Ceux de Corneauduc

Cinquante-septième épisode

Chapitre XIII

ustèbe Martingale pose une main sur son cœur et de l’autre cherche le flacon d’essence de benjoin trônant sur sa table de chevet. Il s’en envoie une bouffade en pleine narines afin de calmer l’émoi qui menace de lui faire tourner de l’œil.

– De Guincy, si ces rustres m’ont déjà occis le Baron tout est perdu et nous risquons la hart. Attendez-moi ici, je cours au cachot.

Il enveloppe ses maigres oripeaux dans sa toge violette et file à toute allure dans les couloirs ténébreux du château.
Hector-Maubert de Guincy s’assied sans vergogne sur le lit en tirant soigneusement les plis de sa cape pour ne point la froisser.

– Sachez mon très cher maître que vous seul risquez la hart. Je vois toujours d’où vient le danger et n’est pas né qui saura me surprendre.

Il n’en caresse pas moins cette bosse à l’arrière de son crâne, souvenir de son expédition au moulin de Petitpont, ce qui lui arrache un sourire carnassier : « Et s’il est né il ne vivra plus longtemps ».

***

Les pensées de Martingale sont aussi sombres que les corridors qu’il suit : « Le Baron, il me faut la signature du Baron. La Duchesse n’aura de cesse tant qu’elle n’aura rejoint le Duc et alors, bien que sot pis qu’outre, il comprendrait tout. Seule une lettre du Baron la fera revenir. Fasse que le Baron respire encore ou c’en est fait de moi ».
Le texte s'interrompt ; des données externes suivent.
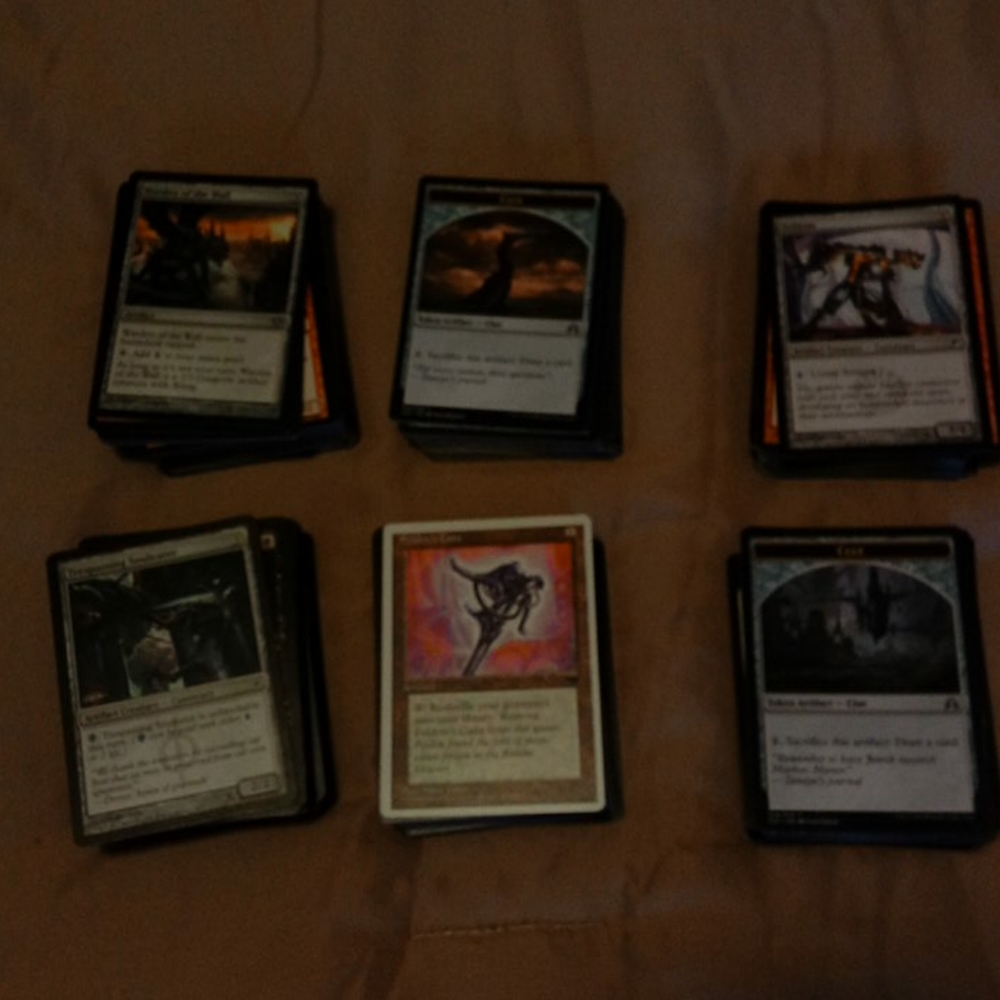 Magic Cards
Martingale ouvre la porte du cachot à la volée.

– Où est le prisonnier, misérables ?

Mais la geôle est vide et Eustèbe doit se tenir au mur pour ne point s’écrouler. Tout est fini ; ces faquins de gardes se seront lassés de jouer avec le prisonnier et l’auront exécuté séance tenante. Ils doivent déjà être en forêt pour enterrer la charogne dans quelque fosse discrète.

Une traînée de sang, dont émerge ça et là des lambeaux de chair, montre le chemin emprunté par les gardes et leur fardeau. Pris d’un accès de colère et bien décidé à la faire passer sur ces gardes farauds trop rapides en besogne, Martingale suit cette piste à longues enjambées. À cette heure, tout le monde dort au château. Les bourreaux, sûrs d’eux, n’ont pris aucune précaution et sont montés directement vers les cuisines. C’est là qu’Eustèbe surprend un des sbires de Roland Meurefisse, le tortionnaire en chef, à quatre pattes sur le carrelage. Il est fort occupé à récurer le sol de tout le sang répandu. Martingale le fait rouler par terre d’un coup de pied dans les reins.

– Où est le prisonnier, misérable ?

Le garde le regarde avec les yeux de qui a vu un spectre.

– Mais nous avons suivi vos ordres, maître Martingale.

– Où est le prisonnier, misérable ? Le Baron, où est-il ?

Le garde déglutit péniblement.

– Comme nous avions tous les jointures en sang à force de taper sus, Meurefisse a eu l’idée de l’emmener aux chiens. Les pauvres ne mangent jamais à leur faim et puis ça fait une distraction. Moi je suis de corvée car j’ai proposé d’achever le prisonnier avant.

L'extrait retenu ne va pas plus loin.